Copyright Constantin Film / Niko Tavernise

Un film sur l’hypocrisie de l’ascension des femmes dans le monde des affaires

Dans un monde où le cinéma joue un rôle crucial dans la formation des perceptions sociales, il est regrettable que Babygirl se positionne comme un film faussement-féministe voir anti-féministe, renforçant involontairement les structures patriarcales qu’il prétend critiquer. Contrairement à May-December, qui ose explorer des relations non conventionnelles en défiant les normes sociales, Babygirl semble s’enliser dans les stéréotypes qu’il cherche à dénoncer.

Le film souffre principalement de sa représentation paradoxale de l’émancipation féminine. L’héroïne, qui se présente comme un modèle pour les jeunes femmes ambitieuses, finit par perpétuer les schémas de domination masculine dans le monde professionnel. En refusant la promotion à son assistante-collaboratrice, elle reproduit les comportements qu’elle prétend combattre, illustrant ainsi les contradictions inhérentes à un certain féminisme de façade qui ne remet pas en question les structures de pouvoir existantes.
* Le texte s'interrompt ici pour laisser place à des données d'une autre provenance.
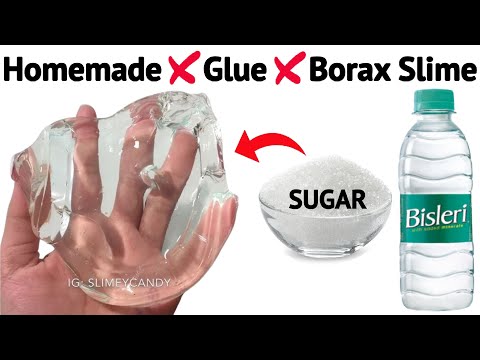 How to make Water and Sugar Slime at home Without Glue Borax and Activator/Making Water Slime/ASMR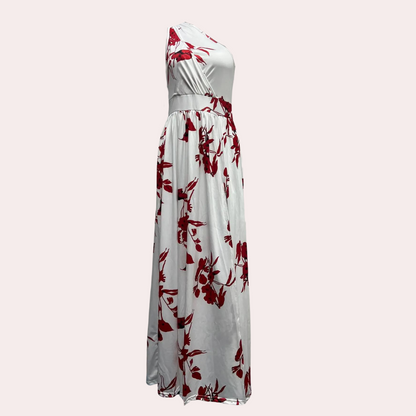 Robe Maxi Femme - Épaule Dénudée - Taille Cintrée - Fente Haute Élégante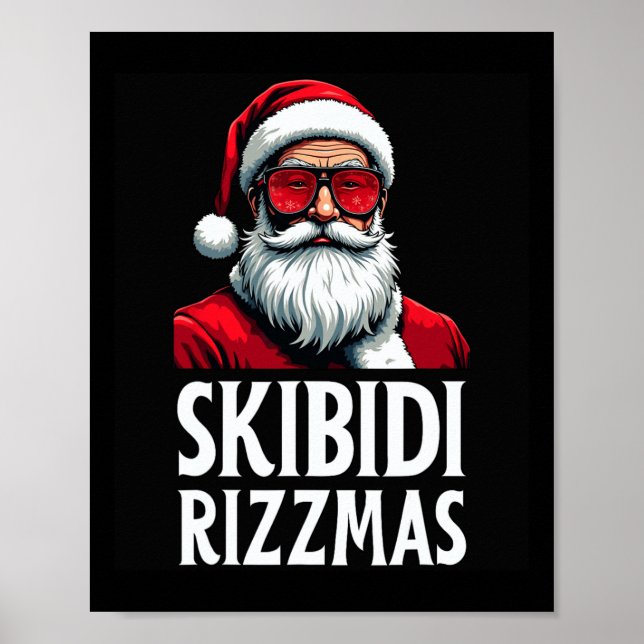 Póster Skibidi Rizzmas Feliz Navidad Papá Noel Gracioso (Frente)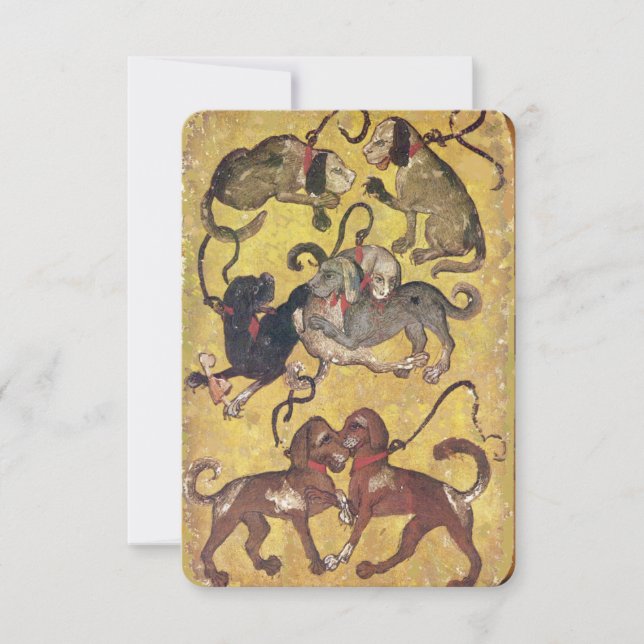 Antique Tarots / German Court Cards / Sieben Hunde (Vorderseite)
Copyright Constantin Film / Niko Tavernise

L’hypocrisie apparente du film réside dans sa critique superficielle du statu quo, tout en réaffirmant constamment la soumission des femmes à l’ordre établi. L’héroïne, prisonnière de l’idéal américain traditionnel – famille parfaite, belle maison, apparence irréprochable – incarne finalement une « tradwife » déguisée en femme d’affaires. Cette représentation ambiguë renforce l’idée que le succès féminin passe nécessairement par l’adoption des codes masculins dominants, sans réellement remettre en question le système patriarcal sous-jacent.

Babygirl, sous la direction de Halina Reijn, promettait un regard féministe audacieux sur le désir et l’émancipation, mais s’égare dans des contradictions. En maintenant l’héroïne prisonnière des normes patriarcales, le film finit par perpétuer les schémas qu’il prétend dénoncer, laissant un goût d’inachevé. Malgré des performances convaincantes, Babygirl tombe dans l’écueil d’un féminisme de façade, où l’apparente quête de liberté se heurte à une soumission insidieuse aux attentes sociales. Plutôt que de briser les codes, le film semble les renforcer, diluant ainsi son message initial dans une vision régressive.

Notre contre-analyse : Romy une femme courageuse, car elle a su aller au bout de son désir, mais fini par choisir de sauver sa famille

La scène finale où Romy rampe devant son mari, suscite effectivement des réactions mitigées. D’un côté, on pourrait y voir une régression du personnage, une capitulation face aux normes sociales qu’elle avait osé défier. Cependant, cette action peut aussi être interprétée comme un choix conscient de Romy, reflétant la complexité de sa situation.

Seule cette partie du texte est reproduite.